20080826

Appeso al chiodo

Non so quante persone possono comprendere il significato, quello proprio fisico, dell'appendere ad un chiodo un oggetto che è stato un compagno vero di mille avventure e che, per un motivo o per l'altro, consapevolmente, un bel giorno si decide di accantonare per sempre. Per capire bene quello che si prova si deve aver vissuto almeno una passione come può essere quella di uno sport praticato per decenni e si deve aver avuto almeno un motivo per lasciarlo, possibilmente quando si era ancora fortemente attratti da un certo mondo, ma impossibilitati a frequentarlo ancora. E' abbastanza dura, in effetti.
Perché l'oggetto non viene buttato, o al limite regalato, in genere? Perché quel chiodo, piazzato al centro di una parete in cantina, o nel box, o in mansarda? Perché? Credo di poter immaginare il perché. L'effetto che si prova ad osservarlo è quello del salto temporale che consente una bella foto di quando eravamo giovani, appoggiata su di un mobile in camera, con una bella cornice a fare da contorno. A volte anche un salto spaziale, se il luogo che ci ricorda un certo oggetto è lontano quanto quei bei giorni in cui lo usavamo con gioia.

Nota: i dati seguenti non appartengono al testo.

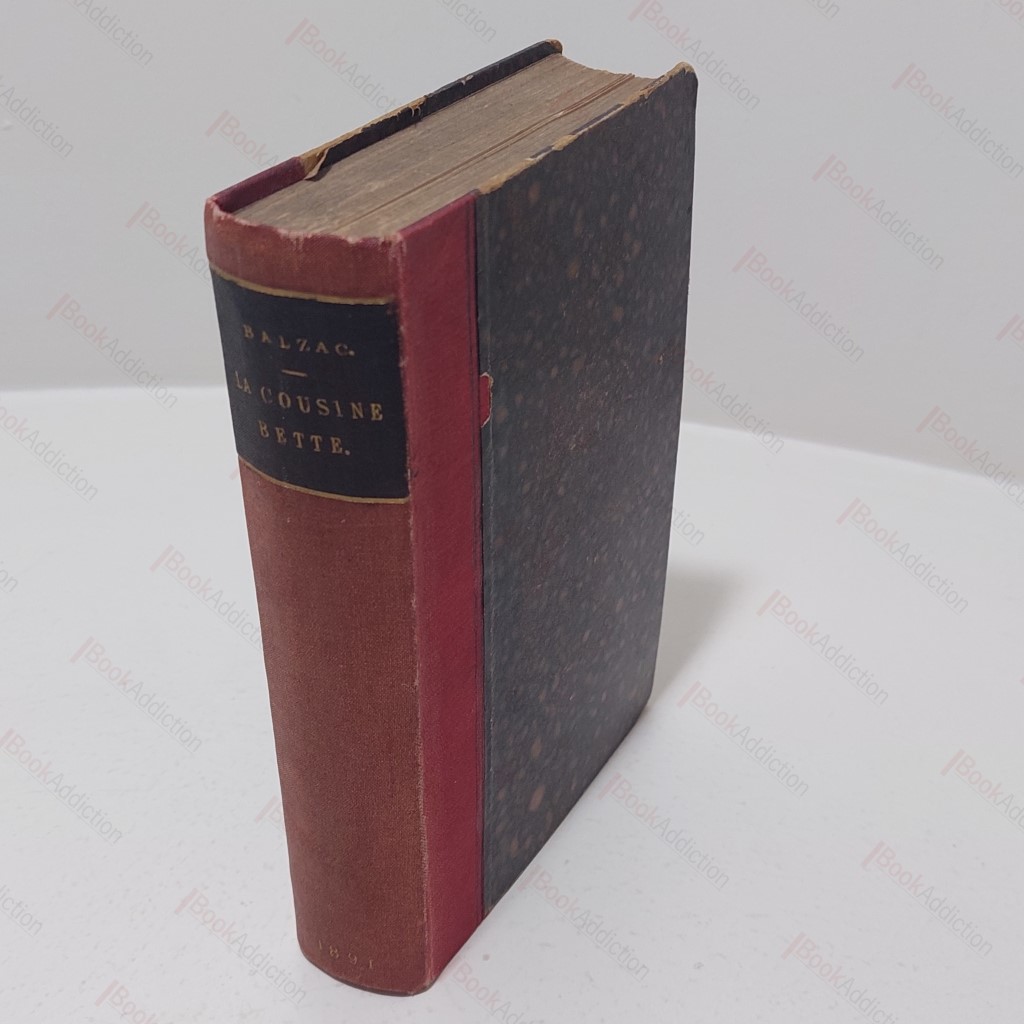 Scenes de la Vie Parisienne: Les Parents Pauvres,  La Cousine Bette. XXVIII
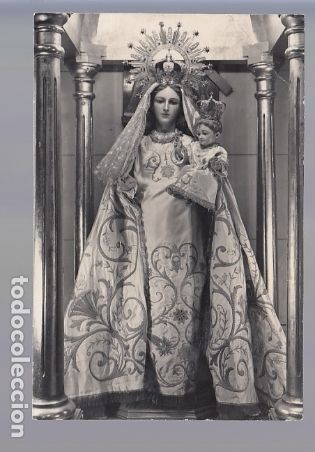 Postales: LAS NAVAS DEL MARQU&Eacute;S (AVILA).- NUESTRA SE&Ntilde;ORA DE LA PAZ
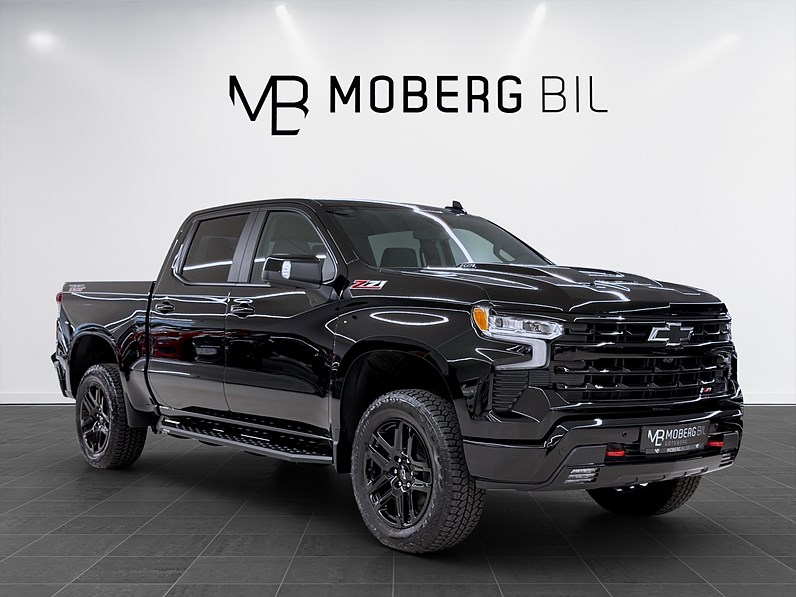 Chevrolet Silverado 1500 Trail Boss 6.2 V8 Z71 CNG Årsskatt 2010kr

Passa il tempo e non ci si fa quasi più caso. Si entra in auto e non si guarda davanti, ma direttamente nello specchietto per la retromarcia. Si va a prendere il vino e si pensa solo a non far cadere la bottiglia. Poi un giorno, chissà, il chiodo un po' ossidato, o la fettuccia logora, nella visuale ti manca qualcosa e ti accorgi che è caduto, che sta lì per terra un po' impolverato. E lo raccogli e ci soffi sopra per ridargli un po' di quel colore che non avrà mai più. Appeso al chiodo.